Line by line comparisons through each of the nine chapters reveal that in Enlightenment and Change the author has corrected minor infelicities; tightened his prose; clarified his argument at key points in the text; moved paragraphs between chapters; and incorporated new material, notably on a constellation of topics related to the place of women in eighteenth-century Scottish society and on Gaelic culture and the Highlands. The most extensively revised chapters are those on the Scots and the American Revolution, and the economic transformation of Scotland at the turn of the nineteenth century. Many of these revisions significantly improve the book, but the sniping at Marxist interpretations of Scottish history that have been added strike this reader as a throwback to debates that may have been relevant when the first edition was published but are no longer so. The brisk, no nonsense authorial tone can at times be annoying, and one or two comments in the interpolated material will likely rub some readers the wrong way (pp. 133, 171). Lenman has also jettisoned the bibliographical essay which was such a helpful feature of the first edition, and replaced it with a list of books for further reading organized topically rather than keyed to specific chapters. This particular change is not one for the better. Moreover, it is unfortunate that neither publisher nor author saw fit to provide maps like those found in David Allan’s Scotland in the Eighteenth Century: Union and Enlightenment (2002), let alone illustrations like those in Smout’s History of the Scottish People. The lack of maps and illustrations detracts from the value of Enlightenment and Change as an introductory textbook, although the chronological table is a plus.
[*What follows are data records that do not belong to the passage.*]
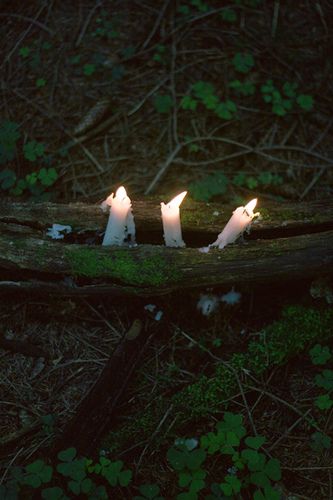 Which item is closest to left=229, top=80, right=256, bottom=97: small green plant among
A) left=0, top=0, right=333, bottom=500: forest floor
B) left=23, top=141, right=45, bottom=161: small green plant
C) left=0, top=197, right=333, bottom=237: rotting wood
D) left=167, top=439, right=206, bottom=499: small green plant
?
left=0, top=0, right=333, bottom=500: forest floor

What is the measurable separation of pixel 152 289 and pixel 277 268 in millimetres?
845

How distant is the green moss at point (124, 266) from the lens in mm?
2674

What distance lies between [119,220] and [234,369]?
124 centimetres

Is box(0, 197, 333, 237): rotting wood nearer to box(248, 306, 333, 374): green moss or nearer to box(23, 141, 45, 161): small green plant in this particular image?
box(248, 306, 333, 374): green moss

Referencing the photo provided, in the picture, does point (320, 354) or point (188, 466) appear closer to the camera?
point (188, 466)

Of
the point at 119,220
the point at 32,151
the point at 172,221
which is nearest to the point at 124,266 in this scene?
the point at 119,220

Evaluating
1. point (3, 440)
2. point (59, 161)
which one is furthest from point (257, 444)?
point (59, 161)

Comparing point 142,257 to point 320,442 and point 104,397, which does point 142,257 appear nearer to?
point 104,397

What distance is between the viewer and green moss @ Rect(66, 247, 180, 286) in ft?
8.77

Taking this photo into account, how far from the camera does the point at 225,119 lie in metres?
4.31

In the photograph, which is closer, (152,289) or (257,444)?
(257,444)

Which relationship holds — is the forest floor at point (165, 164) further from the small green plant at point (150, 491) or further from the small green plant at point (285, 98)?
the small green plant at point (150, 491)

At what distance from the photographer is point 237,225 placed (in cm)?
274

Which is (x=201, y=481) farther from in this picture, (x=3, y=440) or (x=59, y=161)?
(x=59, y=161) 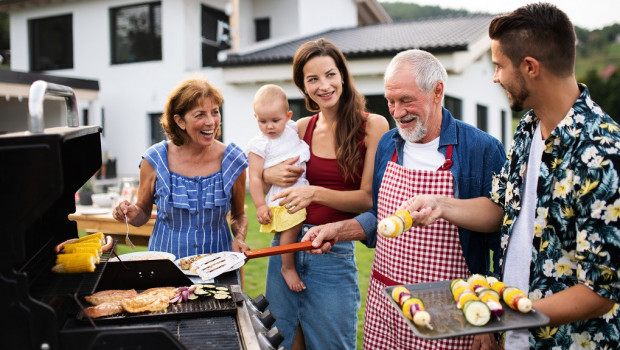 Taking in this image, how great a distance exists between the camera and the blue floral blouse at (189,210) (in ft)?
9.76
The new conclusion dealing with “the Enlightenment problem” and the legacy of Scotland’s achievements during the long eighteenth century is a serious disappointment, for it does not display the same level of sophisticated analysis that informs the preceding chapters of the book (p. 244). Lenman here covers the same historiographical territory mapped out in Arthur Herman’s deservedly popular How the Scots Invented the Modern World (2001), but with less success. That the conclusion is such a muddle is puzzling because in chapters 2-5 Lenman does a good job of presenting the key figures and ideas associated with the Scottish Enlightenment, and shows in a persuasive manner how the Enlightenment in Scotland was shaped by the patronage of Scotland’s ruling elites, the integration of Scotland within the British Empire, and the economic changes that transformed Scottish society in the period 1746-1832. However, coming back to Lenman’s discussion of the Scottish Enlightenment after having worked on the subject myself over the past thirty years I can now more readily identify minor factual mistakes and debatable matters of interpretation.
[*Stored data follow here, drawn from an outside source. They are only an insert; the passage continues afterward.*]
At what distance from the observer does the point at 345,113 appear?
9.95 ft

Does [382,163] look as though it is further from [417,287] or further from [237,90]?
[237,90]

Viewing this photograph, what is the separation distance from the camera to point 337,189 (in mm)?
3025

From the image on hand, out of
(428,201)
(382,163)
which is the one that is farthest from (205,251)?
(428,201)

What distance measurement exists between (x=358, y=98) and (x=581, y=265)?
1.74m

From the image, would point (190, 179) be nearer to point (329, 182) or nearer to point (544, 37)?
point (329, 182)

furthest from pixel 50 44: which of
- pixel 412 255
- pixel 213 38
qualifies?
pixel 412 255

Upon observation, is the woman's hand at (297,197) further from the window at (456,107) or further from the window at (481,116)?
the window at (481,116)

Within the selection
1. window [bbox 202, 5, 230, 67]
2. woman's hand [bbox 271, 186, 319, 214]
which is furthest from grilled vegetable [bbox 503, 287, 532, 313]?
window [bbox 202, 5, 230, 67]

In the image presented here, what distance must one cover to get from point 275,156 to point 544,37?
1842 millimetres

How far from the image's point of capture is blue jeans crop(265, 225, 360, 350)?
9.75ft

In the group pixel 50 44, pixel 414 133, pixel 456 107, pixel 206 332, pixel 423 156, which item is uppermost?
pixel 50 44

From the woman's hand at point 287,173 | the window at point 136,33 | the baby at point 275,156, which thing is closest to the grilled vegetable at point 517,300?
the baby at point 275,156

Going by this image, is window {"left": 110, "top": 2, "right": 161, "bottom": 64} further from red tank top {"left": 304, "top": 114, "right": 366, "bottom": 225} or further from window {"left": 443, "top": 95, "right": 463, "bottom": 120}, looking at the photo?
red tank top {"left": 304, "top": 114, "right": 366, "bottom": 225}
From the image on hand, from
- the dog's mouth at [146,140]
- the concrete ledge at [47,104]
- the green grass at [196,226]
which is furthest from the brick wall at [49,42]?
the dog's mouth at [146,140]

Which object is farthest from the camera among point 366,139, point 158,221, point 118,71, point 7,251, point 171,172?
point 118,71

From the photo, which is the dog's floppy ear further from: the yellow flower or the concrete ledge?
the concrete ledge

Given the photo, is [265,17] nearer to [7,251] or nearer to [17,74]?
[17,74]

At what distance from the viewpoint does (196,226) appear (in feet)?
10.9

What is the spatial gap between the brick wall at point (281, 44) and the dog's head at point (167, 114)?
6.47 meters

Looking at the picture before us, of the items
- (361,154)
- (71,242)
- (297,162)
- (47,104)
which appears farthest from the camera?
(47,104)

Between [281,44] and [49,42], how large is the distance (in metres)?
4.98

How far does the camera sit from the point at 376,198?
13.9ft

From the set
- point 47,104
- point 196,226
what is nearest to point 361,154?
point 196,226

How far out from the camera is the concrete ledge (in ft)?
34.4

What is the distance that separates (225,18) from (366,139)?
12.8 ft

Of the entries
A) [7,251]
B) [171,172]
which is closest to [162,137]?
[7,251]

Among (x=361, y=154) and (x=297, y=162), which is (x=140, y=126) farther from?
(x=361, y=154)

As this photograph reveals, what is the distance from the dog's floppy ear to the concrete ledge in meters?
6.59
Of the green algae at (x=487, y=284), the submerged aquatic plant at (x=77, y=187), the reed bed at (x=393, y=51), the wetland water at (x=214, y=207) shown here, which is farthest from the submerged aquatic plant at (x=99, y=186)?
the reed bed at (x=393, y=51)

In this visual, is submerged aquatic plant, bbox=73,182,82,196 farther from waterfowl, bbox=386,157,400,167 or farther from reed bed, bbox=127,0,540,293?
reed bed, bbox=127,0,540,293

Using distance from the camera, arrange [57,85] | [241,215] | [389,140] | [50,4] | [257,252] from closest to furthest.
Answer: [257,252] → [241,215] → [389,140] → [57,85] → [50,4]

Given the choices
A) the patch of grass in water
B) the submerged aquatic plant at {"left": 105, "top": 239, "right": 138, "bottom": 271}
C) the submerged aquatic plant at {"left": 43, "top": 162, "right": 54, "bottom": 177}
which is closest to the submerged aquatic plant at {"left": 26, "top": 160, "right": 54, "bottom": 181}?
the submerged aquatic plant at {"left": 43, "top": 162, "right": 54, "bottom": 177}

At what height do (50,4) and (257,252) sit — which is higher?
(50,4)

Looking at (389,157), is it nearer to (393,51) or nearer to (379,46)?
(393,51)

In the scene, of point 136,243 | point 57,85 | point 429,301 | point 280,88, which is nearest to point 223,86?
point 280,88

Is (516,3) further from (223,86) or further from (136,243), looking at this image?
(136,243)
In terms of minor slips, inter alia, he misdates the publication of David Hume’s Treatise of Human Nature (1739-40); garbles the correct name for the Aberdeen Philosophical Society; completely overlooks the two major philosophical works Francis Hutcheson published in the 1720s; and ignores the fact that when the Royal Society of Edinburgh was founded in 1783 it was not an exclusively scientific body but an institution that embraced two branches of learning, the “Physical” and the “Literary,” as the two classes of members were called (pp. 40, 79, 85, 113). Moreover, his characterization of the philosophical significance of Hume’s Treatise does not give the reader an entirely accurate sense of what was at issue in the debates that ensued between Hume and his Scottish critics (pp. 40-41). For Lenman, Hume’s Treatise was a “time bomb” that threatened to destroy the emphasis on reason central to the Scottish Enlightenment. But thinkers, like Thomas Reid, acknowledged that reason had its limits and were instead concerned to show that the instinctive beliefs on which human knowledge rested were God-given rather than arbitrary and inexplicable features of human nature, as Hume was taken to imply. That is, Hume and his Scottish critics shared important common ground philosophically, even though Lenman suggests otherwise. Furthermore, it seems to me that his claim that books on “technical moral and political philosophy” by Scottish authors had only a limited impact on “the consciousness of the polite world in the 1750s” is not borne out by recent research by Mark R. M. Towsey (Reading the Scottish Enlightenment: Books and Their Readers in Provincial Scotland, 1750-1820 [2010]) and others on books and their readers in the Atlantic world of the eighteenth century (pp. 42-43).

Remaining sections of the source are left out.